Synonymous (X axis) and nonsynonymous (Y axis) substitution ratios estimated by the Nei – Gojobori method. A d N/d S ratio significantly greater than 1 is a convincing indicator of positive selection.

Table 2 The d N - d S values (upper diagonal) and the significance (lower diagonal) based on RTTN cDNA (5.8 kb) sequences

Although its exact function is not known, RTTN is reported to be involved in determining the rotation of the body axis and the left-right asymmetry of internal organs during the embryonic development of mice [19]. The conspicuous differentiation of RTTN alleles among human populations also suggests differential natural selection acting on different populations: at a nonsynonymous SNP site (rs3911730) in the RTTN exon 3, the A/A genotype occurs in 90% of Africans, 2% of Europeans and is absent in Asians, while the C/C genotype occurs in 3% of Africans, 80% of Europeans and 100% of Asians.

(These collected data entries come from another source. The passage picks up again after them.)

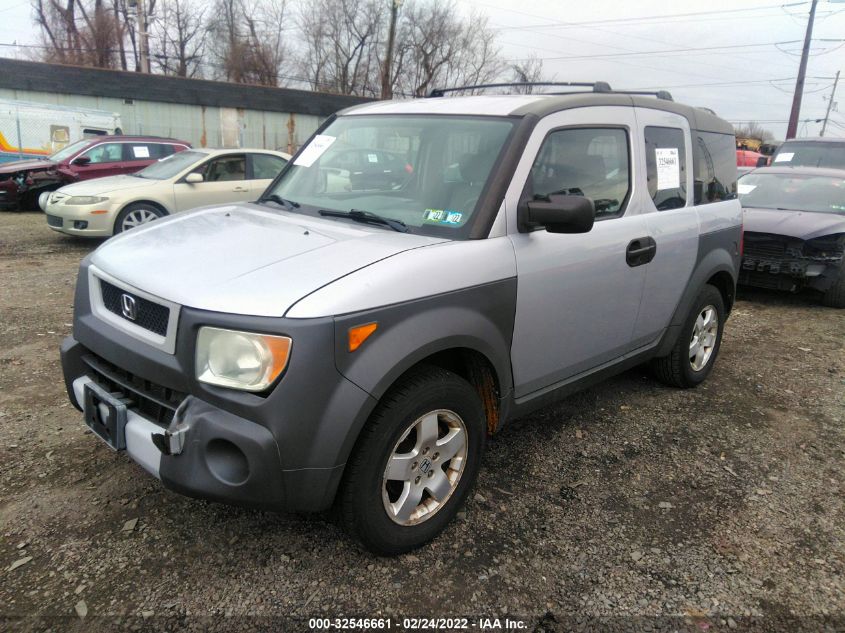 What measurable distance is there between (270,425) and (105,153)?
1220cm

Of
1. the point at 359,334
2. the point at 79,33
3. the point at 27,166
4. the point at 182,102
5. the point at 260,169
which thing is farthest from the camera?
the point at 79,33

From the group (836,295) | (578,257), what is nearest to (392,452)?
(578,257)

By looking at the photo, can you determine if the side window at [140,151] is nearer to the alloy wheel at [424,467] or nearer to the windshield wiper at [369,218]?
the windshield wiper at [369,218]

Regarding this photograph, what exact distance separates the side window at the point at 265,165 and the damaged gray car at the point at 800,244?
6.87m

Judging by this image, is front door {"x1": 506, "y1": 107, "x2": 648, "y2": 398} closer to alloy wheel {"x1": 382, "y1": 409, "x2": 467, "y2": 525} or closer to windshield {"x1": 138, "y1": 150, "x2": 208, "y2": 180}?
alloy wheel {"x1": 382, "y1": 409, "x2": 467, "y2": 525}

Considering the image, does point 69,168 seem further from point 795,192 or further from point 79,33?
point 79,33

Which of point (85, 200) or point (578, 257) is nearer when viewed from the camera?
point (578, 257)

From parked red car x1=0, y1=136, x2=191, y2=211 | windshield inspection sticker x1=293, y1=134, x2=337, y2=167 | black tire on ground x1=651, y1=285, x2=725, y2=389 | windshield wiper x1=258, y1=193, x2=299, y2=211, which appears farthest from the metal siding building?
black tire on ground x1=651, y1=285, x2=725, y2=389

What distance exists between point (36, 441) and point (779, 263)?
23.5 feet

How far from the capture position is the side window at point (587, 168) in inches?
116

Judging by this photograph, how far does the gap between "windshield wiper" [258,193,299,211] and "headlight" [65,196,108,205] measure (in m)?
6.31

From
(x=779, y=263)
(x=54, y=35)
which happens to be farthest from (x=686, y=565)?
(x=54, y=35)

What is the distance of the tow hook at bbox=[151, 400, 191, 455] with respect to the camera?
2137mm

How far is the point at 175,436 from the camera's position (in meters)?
2.14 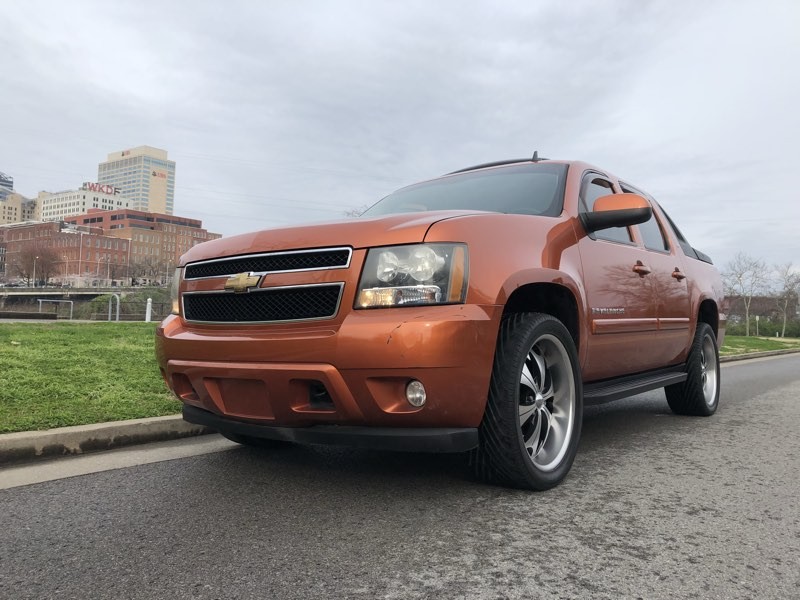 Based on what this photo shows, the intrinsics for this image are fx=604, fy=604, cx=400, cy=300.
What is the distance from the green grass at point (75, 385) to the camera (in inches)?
158

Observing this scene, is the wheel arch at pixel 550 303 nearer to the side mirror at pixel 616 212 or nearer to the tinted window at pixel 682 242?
the side mirror at pixel 616 212

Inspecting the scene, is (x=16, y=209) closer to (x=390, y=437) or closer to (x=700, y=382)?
(x=700, y=382)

Previous studies have reported that genes identified in fish through "forward genetic" analysis of phenotypic mutants are involved in forming variations of related phenotypes in humans, e.g. of skin pigmentation [2024] and epithelial development [25]. Our approach in this study is an extension of these previous studies, as a form of "reverse genetics" of genes that show, as a signature of natural selection acting on them, a prominent level of diversification in the allele frequency among populations with different ecological histories in both fish and humans. We found that out of 11 genes in our analysis, the medaka THEA2 gene has a nonsynonymous polymorphic site at exactly the same position as its ortholog in humans, and the RTTN gene shows signs of population differentiation that can be explained plausibly by natural selection. The aim of our analysis is not to demonstrate evidence of natural selection in medaka, but to indicate that medaka is a marvelous resource as a "natural library" of genetic diversity, and this approach is efficient enough to find candidate genes targeted by natural selection in both humans and medaka. The exact function of the genes and the exact nature of the functional differences between alleles can be studied more feasibly in medaka, where crossing experiments between different genotypes of interest and transgenic techniques have already been established [7, 8]. This method can be applied to any polymorphic gene in humans, and larger-scale and more systematic screening of orthologous gene polymorphisms in medaka will find various target genes for further functional analyses. As the medaka has been widely used for carcinogenesis and ecotoxicological studies [7], for example, in screening for genetic variants concerning medaka carcinogenesis and ecotoxins, it could also be used for testing variations in drug response in humans. Thus, we conclude that the medaka is a good vertebrate model of the functional diversity caused by human DNA polymorphisms that have been identified by recent resequencing and typing efforts.